Mathematical Analysis Seminars @ DISIM

Title: Computing Branched Optimal Transport with an application for tree branches

Abstract: Due to the lack of convexity of the ramified transportation cost, the computation of optimal irrigation patterns runs into severe difficulties. In the current literature, several methods were developed, ranging from a recursive construction with full Steiner topology to Modica-Mortola approximations of 1-rectifiable currents. 

In the present talk, we introduce an alternative approach, based on a mollification of the irrigation cost expressed in Lagrangian variables. Furthermore, we demonstrate how this mollified approach can address more complex problems, such as determining optimal shapes for tree branches.

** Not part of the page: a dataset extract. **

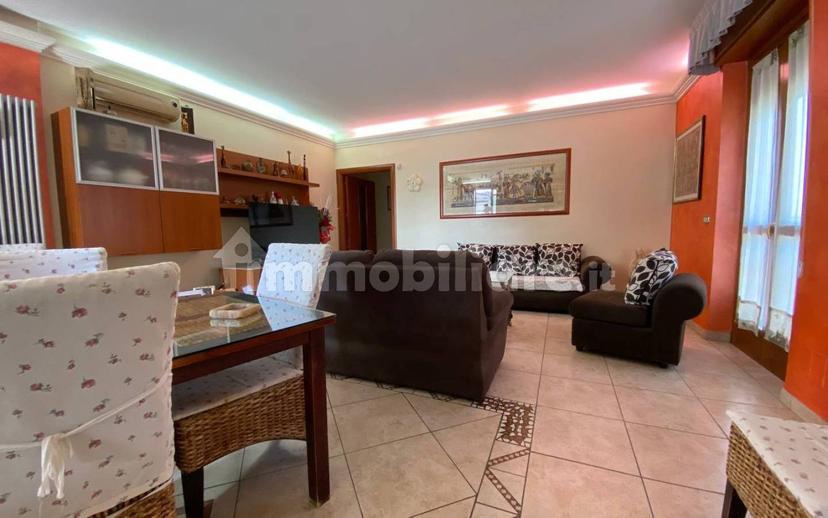 Appartamento in villa via Cantatore, San Severo — foto 21 di 34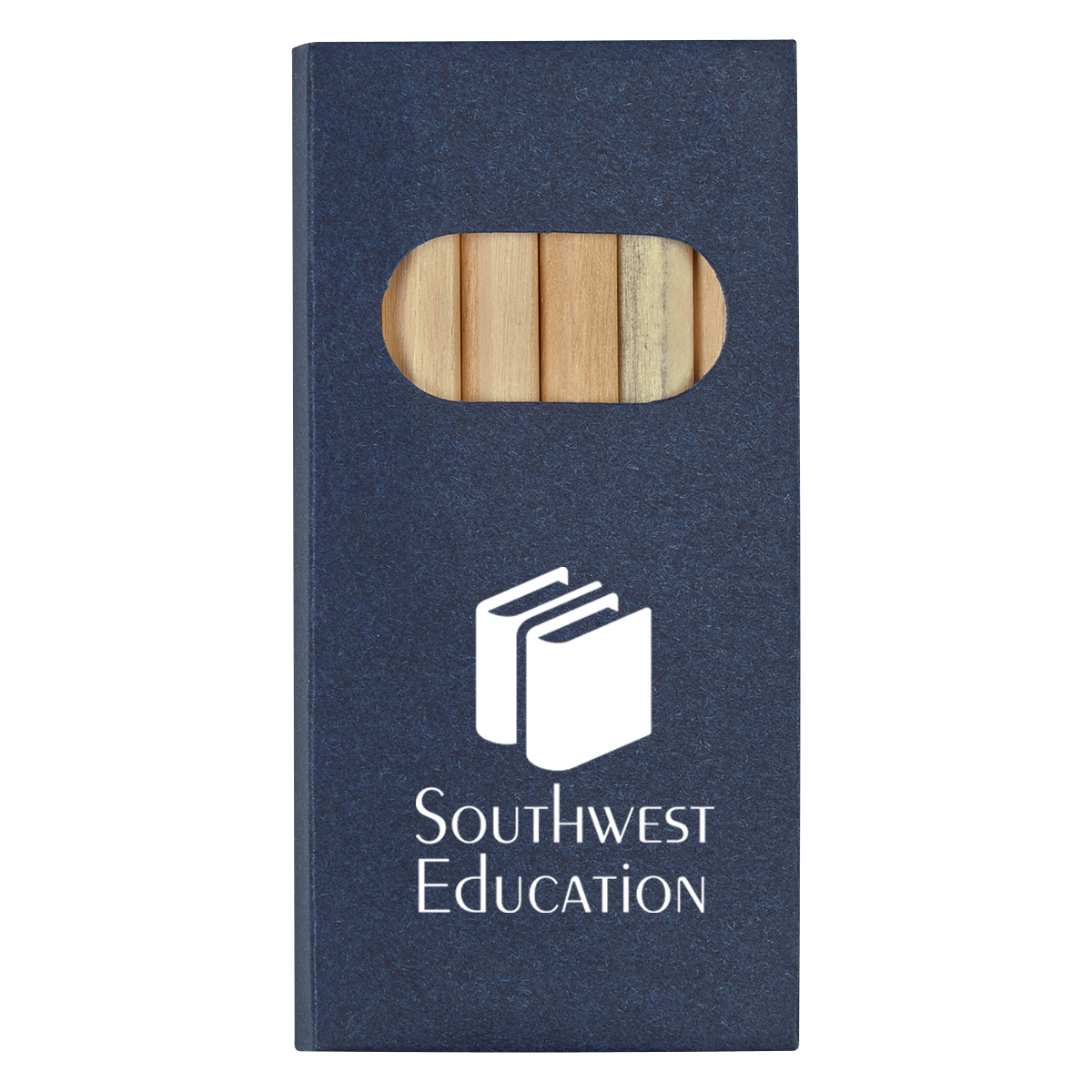 6-Piece Colored Pencil Set 9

Title: On leapfrogging vortex rings in ideal fluids

Abstract: We consider the dynamics of several vortex rings in an ideal fluid governed by the 3D incompressible Euler equations. While the self-induced motion of a single vortex ring amounts to a translation along its symmetry axis,  Helmholtz conjectured that two coaxial vortex rings may exhibit the so-called leapfrogging dynamics. Specifically, the vortex rings display a periodic motion in which they repeatedly pass through each other by shrinking and widening respectively due to mutual interactions. The phenomenon is well observed numerically and experimentally. 

We rigorously justify this phenomenon for a general class of initial data corresponding to sharply concentrated coaxial vortex rings on a logarithmic time scale. The key mathematical difficulty consists in dealing with singular interactions of the vortex rings in the suitable regime for the leapfrogging to occur.  Our method is based on new and improved weak and strong localization estimates for the vorticity that allow for the motion law to be derived. 

Joint work with M. Donati (Grenoble), C. Lacave (Chambery) and E. Miot (Grenoble)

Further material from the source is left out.